Quien sí llegó a postularse como candidato presidencial en estas elecciones 2024 y tenía una remota (remotísima) posibilidad de hacer algo de sombra a Putin fue el candidato antibelicista Boris Nadezhdin, pero, casualmente, la Comisión Electoral de Rusia anuló su candidatura, alegando que el 15% de las firmas que logró para avalar su postulación casualmente resultaron ser “irregulares”. Le fue bien a Nadezhdin, uno de los pocos diputados opositores que quedan en la Duma: podría haber acabado en la cárcel o muerto, como tantos otros disidentes políticos, exagentes, oligarcas, activistas o periodistas críticos (le fue bien de momento, veremos si es noticia o no en unos meses).
Y en definitiva, así son las reglas de juego en la Rusia de Putin y por qué nadie espera otro resultado que el que dé la victoria aplastante de Putin este domingo en una farsa de elecciones. Porque el modelo de Estado que propone es atemorizar a su pueblo en las urnas, con el bulo de que las libertades civiles son un invento de Occidente y todo lo que venga de Occidente es antirruso.
La realidad, para desgracia de los rusos, es otra.
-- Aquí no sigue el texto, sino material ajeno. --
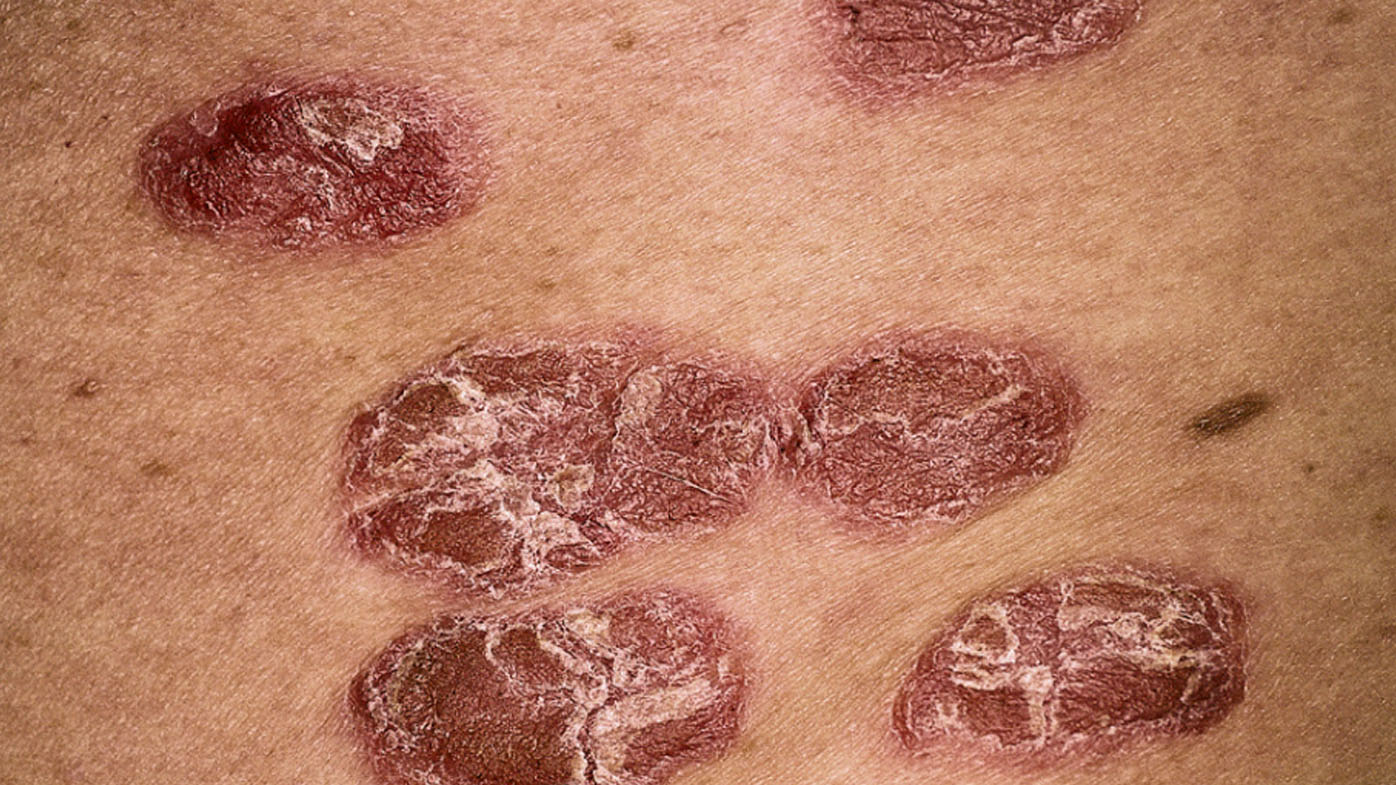 New treatment for psoriasis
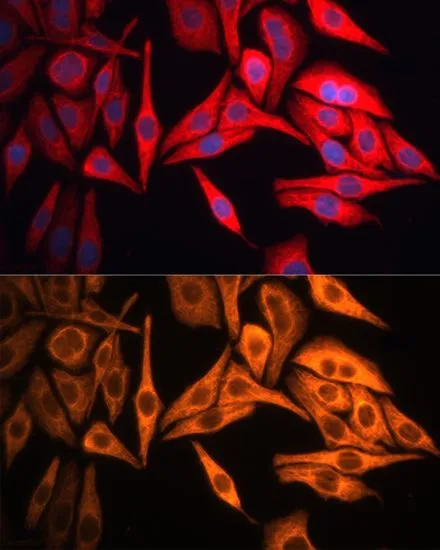 ICC/IF analysis of HeLa cells using GTX32549 Cytokeratin 8 antibody. Blue : DAPI Dilution : 1:100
El modelo que Putin aplica en Rusia exige a sus ciudadanos que aprueben su régimen y castiga al que no lo haga, con casos aberrantes como el que acabó en la cárcel porque su hija hizo un dibujo contra la muerte de niños en la guerra de Ucrania.
Así que, pierdan toda esperanza los que anhelan un derrota de Putin y prepárense para otro sexenio, en el que espera la rendición de Ucrania y la posible invasió de otro país, siempre con la amenaza de usar su armamento nuclear.
Espera también que su “tonto útil” favorito, Donald Trump, gane las elecciones de noviembre, para anular a Estados Unidos y que gane cuatro años vitales para convertir a Rusia de nuevo en un imperio y en una amenaza.
La noche del domingo o del lunes veremos al comando de lamebotas caribeños —el venezolano Nicolás Maduro, el nicaraguense Daniel Ortega y el cubano Miguel Díaz-Candel— saltar de alegría por la victoria del imperialista Putin, ya que será una garantía para que ellos puedan profundizar en la consolidación de sus países en dictaduras imbatibles.
Pero lo triste no es sólo que que tres aspirantes a dictadorzuelos latinoamericanos —u otros mucho más peligrosos como el sirio Bachar al Asad, el norcoreano Kim Jong-un o el chino Xi Jinping— estén el mismo club de fans de Putin, sino que otros líderes que supuestamente defienden la democracia como el modelo menos imperfecto pero el único justo, sean incapaces de decir en voz alta lo que es Putin: un criminal de guerra, que está destruyendo Ucrania y asesinado a su pueblo, simplemente porque estos no quieren volver a ser parte de su imperio.
Y para que no haya duda de esa simpatía por Putin, el presidente Lula da Silva lo ha invitado a visitar Brasil próximanente y ha advertido que no obedecerá al tribunal de La Haya para que lo arreste por criminal de guerra, mientras que será difícil olvidar a las tropas rusas desfilando en 2023 en el Desfile de la independencia de México, para dejar claro, supongo, que a él no le molestan las tropas que invaden otros países, sino sólo las que invadieron México.